On our tenth wedding anniversary, I dig a few old photos of my husband and myself out of plastic boxes to share with our girls. I like to remind them that we were people before we were Mama and Daddy. There’s one that makes me laugh out loud — from our first big vacation together, two years after we met: ten days in Mexico, traveling by bus from Mexico City along La Costa Esmeralda, then to Oaxaca to meet friends. It’s printed on cheap photo paper, corners of the image peeling off, a date of 9/10/2009 in the right-hand corner. We were on the beach in Veracruz, and a photographer was wandering around offering to take and print photos. I wanted a souvenir. We were facing west during that golden glowing hour just before sunset — the kind of light that makes everyone look gorgeous — the waves behind us, ankle deep in warm salt water.
The photo is ludicrously overexposed. My face looks bronze — literally like polished metal — and Will’s white chest is nearly translucent, any definition or trace of his nipples and abs totally washed out. We howled with laughter when we got it; it looks like I am vacationing with a ghost. I show it to my daughters, assuming they will see what I see and we can all laugh at Daddy.
Instead Noli takes one look at it and says, “Mama, did you get fat?”
I want to hide, to disintegrate into the mattress we are all lying on. I only have a second to decide what to do.
“Yes.”
“Yeah, Mama, your belly got real fat,” agrees Ligaya. “Yup,” I say, feigning nonchalance. “Bodies change, sometimes they get bigger or fatter, sometimes they get smaller. It doesn’t really matter what our bodies look like, though — what matters is that they keep us alive. I think mine is doing a good job.” I know this is true, just as I know I am saying this to myself as much as them. Can they tell?
“Mama’s exactly right,” Will chimes in. I am grateful for this, even as I resent his body, which is as lean and wiry as it was the day we met.

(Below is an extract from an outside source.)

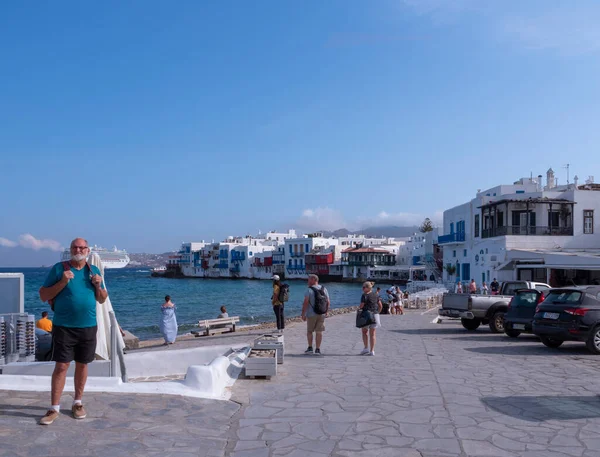 Mykonos Yunanistan Haziran 2023 Yürüyen Turistlerle Küçük Venedik Adasının Panoramik — Stok fotoğraf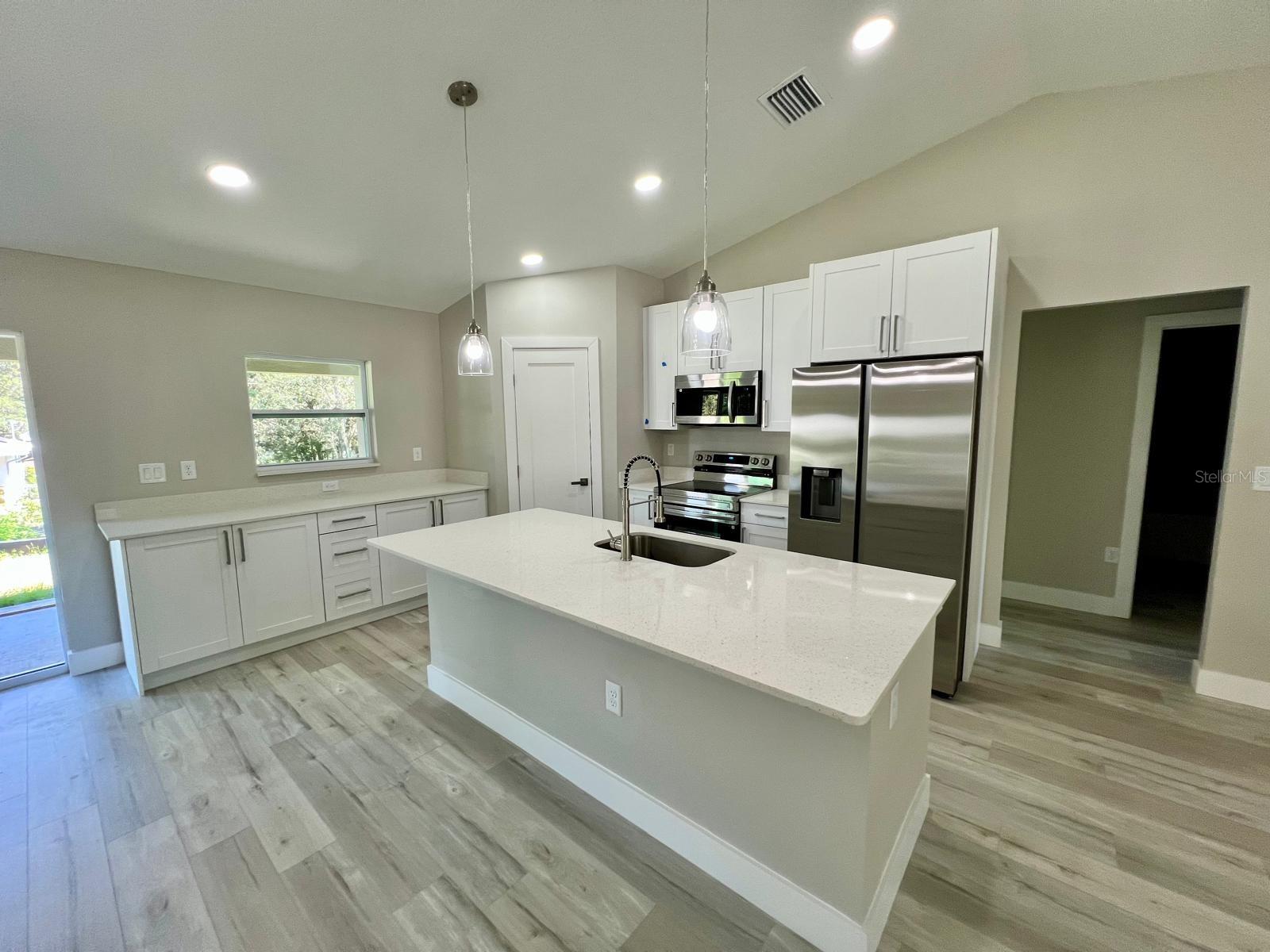 Image 4 of 21 For 9232 Citrus Springs Blvd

“Yeah, you definitely got fatter,” says Noli. “But I like your fat belly because it’s squishy and kind of like a pillow.”
I want to be humiliated by this, if only because it would feel familiar. Trying out new feelings with these small people I made, who I am responsible for guiding, feels like growth, which is so uncomfortable, even though I’ve imagined a moment like this and hoped I could rise to the occasion.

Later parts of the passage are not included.